7. Fiabilité des tests à disposition : il existe des différences de précisions entre les tests antigéniques et les tests PCR.


8. Nombre de tests à disposition : s'il y a plus ou moins de tests Covid-19.


9. Moyens humains à disposition : nombre de personnes travaillant dans la formation des indicateurs.


10. Rigueur de la méthodologie de la récolte de données : comment traiter les données ?


11. Complexité du monde social : nous souhaitons prendre en compte la complexité du monde social, et par là la multitude de contextes sociaux et la difficulté à prédire les comportements des acteurs et le lot d'incertitudes qui en découle.


7.4 Modèle qualitatif

Un premier modèle simple donne le résultat suivant :

Figure 17: Indicateurs : modèle simple


Une première interprétation visuelle indique que le système paraît fortement interconnecté, avec de nombres boucles longues.

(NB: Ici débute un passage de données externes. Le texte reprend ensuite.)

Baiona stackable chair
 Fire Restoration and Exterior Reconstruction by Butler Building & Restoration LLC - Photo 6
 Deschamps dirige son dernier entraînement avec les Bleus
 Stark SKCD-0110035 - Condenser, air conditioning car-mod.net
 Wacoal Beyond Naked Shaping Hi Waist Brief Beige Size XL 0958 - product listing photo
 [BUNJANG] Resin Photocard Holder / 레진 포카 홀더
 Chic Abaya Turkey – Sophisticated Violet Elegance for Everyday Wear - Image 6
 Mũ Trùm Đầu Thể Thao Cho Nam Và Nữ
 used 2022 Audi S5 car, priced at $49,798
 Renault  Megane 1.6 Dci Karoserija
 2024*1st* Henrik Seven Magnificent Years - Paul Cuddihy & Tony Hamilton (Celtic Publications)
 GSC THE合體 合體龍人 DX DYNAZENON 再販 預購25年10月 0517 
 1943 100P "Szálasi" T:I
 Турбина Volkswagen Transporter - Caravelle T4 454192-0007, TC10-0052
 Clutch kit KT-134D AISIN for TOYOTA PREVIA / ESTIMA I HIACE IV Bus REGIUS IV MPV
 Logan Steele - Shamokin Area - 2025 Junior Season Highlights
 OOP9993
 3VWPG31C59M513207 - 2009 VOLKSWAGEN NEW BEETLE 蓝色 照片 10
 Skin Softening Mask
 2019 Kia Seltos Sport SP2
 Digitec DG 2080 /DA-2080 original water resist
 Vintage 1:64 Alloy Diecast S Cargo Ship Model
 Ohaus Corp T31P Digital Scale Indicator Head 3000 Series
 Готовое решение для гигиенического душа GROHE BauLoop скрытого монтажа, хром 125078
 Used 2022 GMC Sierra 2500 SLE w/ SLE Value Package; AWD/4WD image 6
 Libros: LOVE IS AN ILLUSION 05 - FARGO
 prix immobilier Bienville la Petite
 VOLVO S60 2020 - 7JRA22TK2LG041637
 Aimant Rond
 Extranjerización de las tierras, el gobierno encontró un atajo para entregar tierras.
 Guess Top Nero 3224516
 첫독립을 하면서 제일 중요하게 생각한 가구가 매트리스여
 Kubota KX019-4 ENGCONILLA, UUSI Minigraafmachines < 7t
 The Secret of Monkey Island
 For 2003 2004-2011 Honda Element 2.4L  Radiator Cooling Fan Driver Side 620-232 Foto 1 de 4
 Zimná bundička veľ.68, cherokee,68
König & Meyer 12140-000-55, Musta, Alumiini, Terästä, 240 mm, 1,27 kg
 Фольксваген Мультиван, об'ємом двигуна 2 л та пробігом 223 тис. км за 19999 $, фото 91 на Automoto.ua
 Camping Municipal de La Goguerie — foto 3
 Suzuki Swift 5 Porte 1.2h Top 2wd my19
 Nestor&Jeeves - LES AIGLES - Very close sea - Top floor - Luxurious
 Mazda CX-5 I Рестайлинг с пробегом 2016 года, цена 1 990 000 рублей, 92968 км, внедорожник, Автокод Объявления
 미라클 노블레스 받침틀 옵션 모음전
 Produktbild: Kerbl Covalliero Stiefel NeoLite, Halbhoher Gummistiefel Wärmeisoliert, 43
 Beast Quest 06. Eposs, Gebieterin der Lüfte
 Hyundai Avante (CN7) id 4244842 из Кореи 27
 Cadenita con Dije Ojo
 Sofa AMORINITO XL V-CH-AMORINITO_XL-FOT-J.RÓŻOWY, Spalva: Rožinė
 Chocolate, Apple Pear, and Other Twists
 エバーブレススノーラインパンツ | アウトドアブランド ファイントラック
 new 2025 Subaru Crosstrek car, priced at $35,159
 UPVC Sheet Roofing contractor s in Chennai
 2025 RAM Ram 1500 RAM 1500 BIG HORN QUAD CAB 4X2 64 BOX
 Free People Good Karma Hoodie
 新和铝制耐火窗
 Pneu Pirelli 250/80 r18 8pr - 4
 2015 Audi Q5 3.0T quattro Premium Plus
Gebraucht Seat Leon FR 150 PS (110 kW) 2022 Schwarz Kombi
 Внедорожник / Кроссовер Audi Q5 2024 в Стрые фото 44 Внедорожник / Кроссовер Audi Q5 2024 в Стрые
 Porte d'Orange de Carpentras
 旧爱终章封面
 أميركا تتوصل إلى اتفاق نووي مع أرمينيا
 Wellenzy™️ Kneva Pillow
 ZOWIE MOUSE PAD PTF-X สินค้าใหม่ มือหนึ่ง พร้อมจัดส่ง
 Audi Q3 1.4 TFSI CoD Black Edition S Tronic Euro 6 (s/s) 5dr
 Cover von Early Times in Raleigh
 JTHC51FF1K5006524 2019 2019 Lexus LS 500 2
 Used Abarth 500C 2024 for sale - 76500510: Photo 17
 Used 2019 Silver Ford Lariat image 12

Il apparaît aussi que peu de relations avec une polarité négative ont été identifiées. Ce dernier constat est une forme de biais qui péjore la validité du modèle et qui rend toute interprétation précaire.


La matrice d’interactions de Vester a donné le résultat suivant :

Figure 18: Indicateurs : matrice d'interactions de Vester


Comme pour la figure précédente, on peut constater visuellement que l’absence de polarité négative donne une représentation insuffisamment différenciée pour pouvoir tirer une quelconque interprétation.

La leçon à tirer est de nature didactique : il est difficile pour des non-scientifiques[4] d’aborder le thème des indicateurs. En même temps, la difficulté pour des jeunes universitaires à comprendre la jungle des indicateurs et leur utilisation est un reflet de la même difficulté que doit rencontrer le grand public. Certainement que pour ce thème, qui se démarque des autres thèmes traités, il aurait fallu plus de temps, notamment pour monter en compétences le groupe afin que sa démarche puisse être plus pertinente.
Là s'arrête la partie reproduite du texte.